**Your task:** Which lines of the entries below contain the string "Horse"? Copy each one.

**The data:**
------------------------------------

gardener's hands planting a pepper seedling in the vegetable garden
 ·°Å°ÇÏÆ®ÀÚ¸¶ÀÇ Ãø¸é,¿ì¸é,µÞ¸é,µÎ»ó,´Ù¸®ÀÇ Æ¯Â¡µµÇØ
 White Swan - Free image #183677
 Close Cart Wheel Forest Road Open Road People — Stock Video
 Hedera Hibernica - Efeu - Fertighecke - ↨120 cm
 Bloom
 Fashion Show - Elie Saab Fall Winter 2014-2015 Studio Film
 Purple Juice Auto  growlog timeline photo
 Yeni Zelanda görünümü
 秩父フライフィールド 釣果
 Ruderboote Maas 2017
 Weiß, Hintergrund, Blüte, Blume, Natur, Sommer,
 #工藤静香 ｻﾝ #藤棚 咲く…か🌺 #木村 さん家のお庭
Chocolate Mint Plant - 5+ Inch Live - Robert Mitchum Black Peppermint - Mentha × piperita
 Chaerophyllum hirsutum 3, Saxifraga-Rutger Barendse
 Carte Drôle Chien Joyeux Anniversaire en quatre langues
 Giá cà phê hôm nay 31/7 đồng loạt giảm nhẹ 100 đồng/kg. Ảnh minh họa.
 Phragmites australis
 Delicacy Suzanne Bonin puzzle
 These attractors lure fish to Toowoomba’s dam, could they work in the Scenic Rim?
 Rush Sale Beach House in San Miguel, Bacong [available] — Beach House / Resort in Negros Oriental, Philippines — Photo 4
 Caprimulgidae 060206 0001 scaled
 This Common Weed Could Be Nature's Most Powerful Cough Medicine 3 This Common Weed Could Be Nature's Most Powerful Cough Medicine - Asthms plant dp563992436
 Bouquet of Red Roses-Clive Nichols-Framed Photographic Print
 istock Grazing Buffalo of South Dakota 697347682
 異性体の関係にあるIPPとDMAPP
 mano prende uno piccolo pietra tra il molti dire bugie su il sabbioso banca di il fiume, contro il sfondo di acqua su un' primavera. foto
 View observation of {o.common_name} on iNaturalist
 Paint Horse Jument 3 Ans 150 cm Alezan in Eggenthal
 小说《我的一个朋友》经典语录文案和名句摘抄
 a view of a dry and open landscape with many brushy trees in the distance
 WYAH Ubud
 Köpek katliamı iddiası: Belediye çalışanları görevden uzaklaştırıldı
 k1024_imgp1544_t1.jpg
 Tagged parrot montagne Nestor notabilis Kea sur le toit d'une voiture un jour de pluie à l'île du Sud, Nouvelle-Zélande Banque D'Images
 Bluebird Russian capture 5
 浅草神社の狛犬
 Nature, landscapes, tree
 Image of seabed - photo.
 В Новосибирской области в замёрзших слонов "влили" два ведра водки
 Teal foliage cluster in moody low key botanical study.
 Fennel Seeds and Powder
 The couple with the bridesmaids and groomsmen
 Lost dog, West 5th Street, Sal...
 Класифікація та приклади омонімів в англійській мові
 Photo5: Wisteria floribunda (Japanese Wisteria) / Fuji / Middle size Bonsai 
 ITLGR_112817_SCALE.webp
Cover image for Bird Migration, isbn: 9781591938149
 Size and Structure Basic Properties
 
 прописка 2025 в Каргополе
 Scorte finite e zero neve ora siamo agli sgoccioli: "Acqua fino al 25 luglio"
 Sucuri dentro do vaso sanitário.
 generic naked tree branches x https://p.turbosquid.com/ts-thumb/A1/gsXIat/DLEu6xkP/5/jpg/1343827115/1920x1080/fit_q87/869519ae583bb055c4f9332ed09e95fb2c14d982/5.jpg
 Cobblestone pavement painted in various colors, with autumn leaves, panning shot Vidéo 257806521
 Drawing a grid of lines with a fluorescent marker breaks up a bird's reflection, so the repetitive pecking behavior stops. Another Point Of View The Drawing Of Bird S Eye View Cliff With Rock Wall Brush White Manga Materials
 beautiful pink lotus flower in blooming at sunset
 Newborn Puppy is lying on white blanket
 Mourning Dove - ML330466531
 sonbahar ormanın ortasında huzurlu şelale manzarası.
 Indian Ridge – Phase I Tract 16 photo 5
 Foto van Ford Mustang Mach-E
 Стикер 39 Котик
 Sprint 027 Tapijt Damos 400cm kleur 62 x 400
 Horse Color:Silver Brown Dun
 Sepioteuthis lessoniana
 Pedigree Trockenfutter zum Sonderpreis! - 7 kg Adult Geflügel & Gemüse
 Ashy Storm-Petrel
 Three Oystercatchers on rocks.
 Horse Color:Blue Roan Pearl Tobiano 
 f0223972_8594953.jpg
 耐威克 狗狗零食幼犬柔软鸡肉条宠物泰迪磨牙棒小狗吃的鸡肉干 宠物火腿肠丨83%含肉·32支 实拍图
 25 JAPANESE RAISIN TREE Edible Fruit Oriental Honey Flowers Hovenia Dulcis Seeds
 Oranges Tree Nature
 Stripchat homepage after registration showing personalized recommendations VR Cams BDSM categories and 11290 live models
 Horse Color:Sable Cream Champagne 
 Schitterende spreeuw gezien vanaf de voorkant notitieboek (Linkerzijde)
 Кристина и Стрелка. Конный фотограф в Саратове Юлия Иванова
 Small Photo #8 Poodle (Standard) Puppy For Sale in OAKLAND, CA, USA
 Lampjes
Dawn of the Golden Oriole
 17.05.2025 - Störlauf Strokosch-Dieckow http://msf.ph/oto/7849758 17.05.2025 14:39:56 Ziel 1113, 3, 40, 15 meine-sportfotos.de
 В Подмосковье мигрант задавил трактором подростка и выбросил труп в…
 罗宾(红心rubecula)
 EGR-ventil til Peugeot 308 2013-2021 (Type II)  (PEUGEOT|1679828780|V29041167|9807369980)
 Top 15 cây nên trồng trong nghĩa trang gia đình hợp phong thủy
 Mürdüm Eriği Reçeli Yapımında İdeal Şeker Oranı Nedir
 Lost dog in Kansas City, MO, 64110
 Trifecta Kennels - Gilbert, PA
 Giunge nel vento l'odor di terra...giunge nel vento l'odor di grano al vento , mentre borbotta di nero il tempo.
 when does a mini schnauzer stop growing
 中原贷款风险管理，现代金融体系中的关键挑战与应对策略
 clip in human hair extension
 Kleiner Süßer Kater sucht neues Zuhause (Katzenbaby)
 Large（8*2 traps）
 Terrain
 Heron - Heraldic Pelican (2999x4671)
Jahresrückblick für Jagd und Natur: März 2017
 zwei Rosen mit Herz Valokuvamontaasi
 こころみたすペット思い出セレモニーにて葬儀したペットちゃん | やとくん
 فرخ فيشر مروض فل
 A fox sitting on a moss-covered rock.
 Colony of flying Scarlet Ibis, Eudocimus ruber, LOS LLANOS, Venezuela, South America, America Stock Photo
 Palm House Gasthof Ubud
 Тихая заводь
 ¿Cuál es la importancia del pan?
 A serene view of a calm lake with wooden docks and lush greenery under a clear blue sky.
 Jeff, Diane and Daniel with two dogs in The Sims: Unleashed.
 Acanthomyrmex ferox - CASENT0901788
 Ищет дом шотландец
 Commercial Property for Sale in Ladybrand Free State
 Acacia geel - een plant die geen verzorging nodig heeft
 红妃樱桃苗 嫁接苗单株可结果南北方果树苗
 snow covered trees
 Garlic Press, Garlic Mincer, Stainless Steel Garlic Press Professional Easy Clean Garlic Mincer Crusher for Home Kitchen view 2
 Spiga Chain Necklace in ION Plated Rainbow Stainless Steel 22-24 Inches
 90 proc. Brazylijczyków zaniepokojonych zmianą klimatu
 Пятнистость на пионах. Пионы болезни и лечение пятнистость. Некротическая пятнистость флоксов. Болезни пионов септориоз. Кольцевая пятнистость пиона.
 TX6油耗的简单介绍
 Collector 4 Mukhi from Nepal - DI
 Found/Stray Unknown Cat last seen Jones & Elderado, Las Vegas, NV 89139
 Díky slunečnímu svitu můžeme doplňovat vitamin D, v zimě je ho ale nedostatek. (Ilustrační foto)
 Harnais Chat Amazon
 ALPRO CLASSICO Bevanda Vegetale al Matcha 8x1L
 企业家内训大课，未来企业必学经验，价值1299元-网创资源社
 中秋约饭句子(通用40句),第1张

------------------------------------

**Exercise output:**
 Paint Horse Jument 3 Ans 150 cm Alezan in Eggenthal
 Horse Color:Silver Brown Dun
 Horse Color:Blue Roan Pearl Tobiano 
 Horse Color:Sable Cream Champagne 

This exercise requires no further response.